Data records
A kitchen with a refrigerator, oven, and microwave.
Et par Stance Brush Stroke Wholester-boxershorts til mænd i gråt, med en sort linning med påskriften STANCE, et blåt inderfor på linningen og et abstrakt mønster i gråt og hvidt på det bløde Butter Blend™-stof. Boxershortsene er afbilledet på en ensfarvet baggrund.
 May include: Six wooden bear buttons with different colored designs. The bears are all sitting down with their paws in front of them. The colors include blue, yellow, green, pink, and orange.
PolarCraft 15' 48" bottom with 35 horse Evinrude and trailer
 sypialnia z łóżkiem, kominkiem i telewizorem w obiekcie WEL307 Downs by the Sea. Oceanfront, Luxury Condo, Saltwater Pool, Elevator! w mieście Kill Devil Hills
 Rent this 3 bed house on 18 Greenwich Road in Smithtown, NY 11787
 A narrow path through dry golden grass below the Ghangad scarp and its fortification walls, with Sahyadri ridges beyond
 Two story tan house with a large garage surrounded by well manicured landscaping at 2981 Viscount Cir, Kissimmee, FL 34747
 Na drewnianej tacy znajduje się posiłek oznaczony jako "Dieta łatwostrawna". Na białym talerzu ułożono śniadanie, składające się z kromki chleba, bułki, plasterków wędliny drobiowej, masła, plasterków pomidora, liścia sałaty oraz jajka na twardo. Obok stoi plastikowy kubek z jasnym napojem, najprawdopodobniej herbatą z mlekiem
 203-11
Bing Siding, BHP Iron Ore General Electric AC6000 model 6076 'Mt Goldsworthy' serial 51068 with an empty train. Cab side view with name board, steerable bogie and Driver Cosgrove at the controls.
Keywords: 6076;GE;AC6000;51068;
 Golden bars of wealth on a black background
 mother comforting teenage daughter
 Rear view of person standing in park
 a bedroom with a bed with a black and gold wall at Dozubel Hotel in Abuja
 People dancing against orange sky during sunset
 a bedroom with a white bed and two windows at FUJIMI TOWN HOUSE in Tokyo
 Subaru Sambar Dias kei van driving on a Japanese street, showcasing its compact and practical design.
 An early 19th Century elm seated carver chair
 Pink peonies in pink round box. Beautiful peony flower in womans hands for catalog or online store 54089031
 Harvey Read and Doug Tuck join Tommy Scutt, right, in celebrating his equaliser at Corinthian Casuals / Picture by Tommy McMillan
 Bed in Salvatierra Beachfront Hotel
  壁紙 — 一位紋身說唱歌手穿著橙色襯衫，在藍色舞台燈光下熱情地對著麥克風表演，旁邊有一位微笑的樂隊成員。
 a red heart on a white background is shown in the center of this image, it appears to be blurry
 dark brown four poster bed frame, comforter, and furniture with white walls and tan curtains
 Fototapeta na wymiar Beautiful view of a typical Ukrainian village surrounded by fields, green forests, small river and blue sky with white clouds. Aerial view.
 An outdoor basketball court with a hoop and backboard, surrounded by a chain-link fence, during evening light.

PROBLEM STATEMENT: If a line in the entries holds the string "view", count it, then state the total and nothing more.

TASK RESPONSE: 3